Le Code criminel définit un groupe identifiable comme «toute section du public qui se différencie des autres par la couleur, la race, la religion, l’origine nationale ou ethnique, l’âge, le sexe, l’orientation sexuelle, l’identité ou l’expression de genre ou la déficience mentale ou physique».

PolySeSouvient

Si la tuerie de Polytechnique a mis en lumière la nécessité de continuer le travail pour atteindre l’égalité entre les hommes et les femmes, elle aura aussi fait naître un autre combat, celui d’un meilleur contrôle des armes à feu.

Polytechnique, en mémoire des 14 victimes Plaque commémorative en mémoire des 14 victimes du drame de Polytechnique du 6 décembre 1989. (Graham Hughes | La Presse canadienne)

Les membres de PolySeSouvient – un groupe fondé après la tuerie de 1989 et composé notamment de survivantes et de membres de la famille des victimes – ont célébré quelques victoires au fil des ans avec l’adoption, entre autres, du projet de loi C-17 en 1991 et le projet de loi C-68 en 1995, qui inclut un système de permis de possession et l’enregistrement de toutes les armes à feu.

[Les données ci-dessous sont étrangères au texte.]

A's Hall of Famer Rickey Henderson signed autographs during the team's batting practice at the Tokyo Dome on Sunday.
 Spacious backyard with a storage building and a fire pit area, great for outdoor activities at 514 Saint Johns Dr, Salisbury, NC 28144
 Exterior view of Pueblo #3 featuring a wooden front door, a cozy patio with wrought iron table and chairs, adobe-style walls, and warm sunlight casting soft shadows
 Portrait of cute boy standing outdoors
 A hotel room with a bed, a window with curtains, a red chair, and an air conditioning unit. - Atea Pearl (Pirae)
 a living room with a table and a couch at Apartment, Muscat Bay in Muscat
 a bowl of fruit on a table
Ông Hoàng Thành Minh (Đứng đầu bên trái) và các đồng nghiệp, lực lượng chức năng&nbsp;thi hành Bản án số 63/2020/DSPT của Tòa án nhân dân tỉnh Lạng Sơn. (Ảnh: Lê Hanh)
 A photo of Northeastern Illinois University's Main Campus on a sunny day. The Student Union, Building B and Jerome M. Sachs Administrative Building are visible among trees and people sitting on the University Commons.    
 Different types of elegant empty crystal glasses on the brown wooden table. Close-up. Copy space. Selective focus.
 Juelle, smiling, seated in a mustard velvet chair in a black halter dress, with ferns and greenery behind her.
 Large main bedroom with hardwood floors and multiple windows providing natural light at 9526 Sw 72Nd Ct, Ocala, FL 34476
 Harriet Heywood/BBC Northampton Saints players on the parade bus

En novembre dernier, PolySeSouvient a toutefois envoyé une lettre au premier ministre du Canada, Mark Carney, afin de lui signifier «l’urgence d’interdire le modèle soviétique SKS et de mettre en œuvre les mesures de l’ancien projet de loi C-21 qui touchent la violence intime».

«Le SKS a été littéralement conçu pour la guerre et est couramment utilisé dans les fusillades de masse et les meurtres de policiers. Si l’interdiction n’est pas globale, les armes d’assaut resteront légalement disponibles et l’intérêt du public en termes de sécurité accrue face à la violence armée sera compromis», ont écrit les membres de PolySeSouvient.